# Data listing:
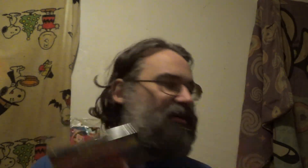That's what I got: Sonic Prime Season 2, Knuckles on Blu-ray in the steelbook, and the 4K Ultra HD release of Knuckles. Thank you very much, It's Frank, for sending me these. For the rest of you, check out It's Frank's channel — there will be a link in the description box. Thank you all for watching, and I will catch you next time. Stay safe and stay awesome — peace out everybody!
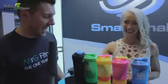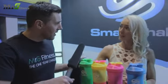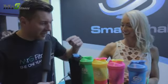Here we are, we're down at SmartShake. I've basically been going — is it two years, Claire? Would that be right? Three years, about three years. They're everywhere, and I think these are phenomenal.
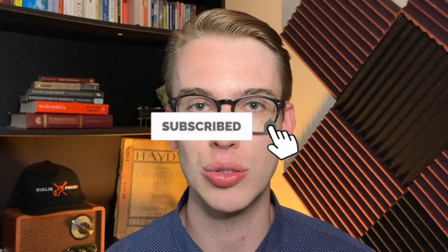Hi there, my name is Eric. I'm a violinist. Thanks so much for stopping by this YouTube channel. If you're not subscribed yet, I do vlogs, how-to tutorials, and product reviews like this one. Please be sure to hit the subscribe button and the bell notifications for future videos.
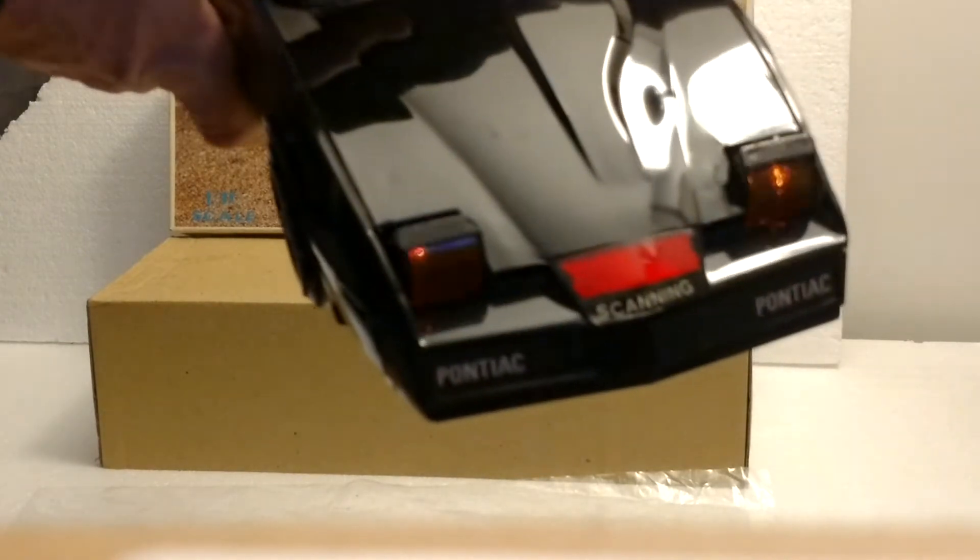As you can see, the scan lights are flashing, going back and forth. The headlights go up and down. The lights in the back are flashing.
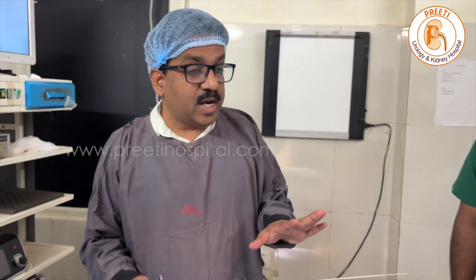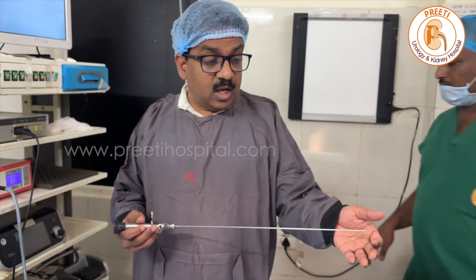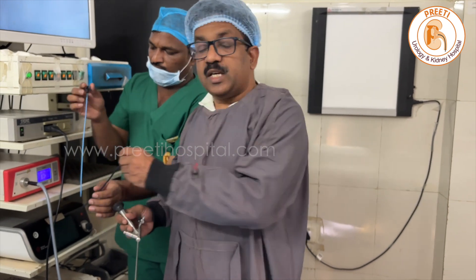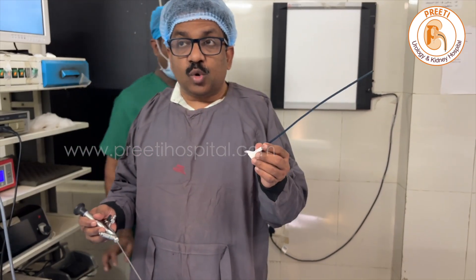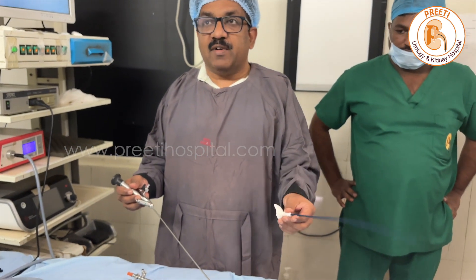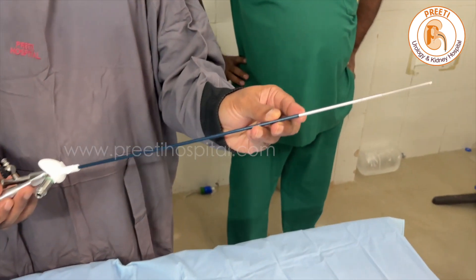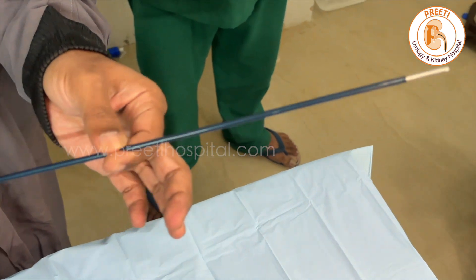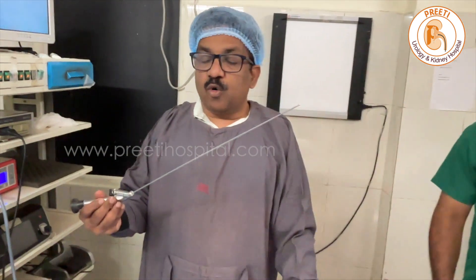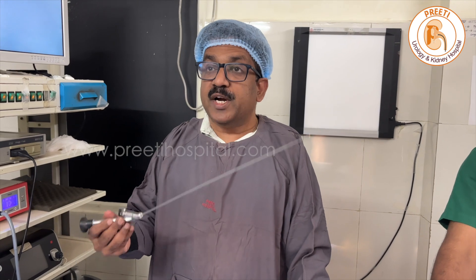Another use I am applying is with an access sheath — 25 cm, Cook, 9.5 by 11 — which snugly fits in this, meaning you can pass over this as a visual obturator technique. So these are the uses of the 4 by 6.5 Wolf needle scope.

# Prompt:
Take the material above from its first line through the line that has "Here we are, we're" and copy it exactly, without any pictures.

# Response area:
That's what I got: Sonic Prime Season 2, Knuckles on Blu-ray in the steelbook, and the 4K Ultra HD release of Knuckles. Thank you very much, It's Frank, for sending me these. For the rest of you, check out It's Frank's channel — there will be a link in the description box. Thank you all for watching, and I will catch you next time. Stay safe and stay awesome — peace out everybody!
Here we are, we're down at SmartShake. I've basically been going — is it two years, Claire? Would that be right? Three years, about three years. They're everywhere, and I think these are phenomenal.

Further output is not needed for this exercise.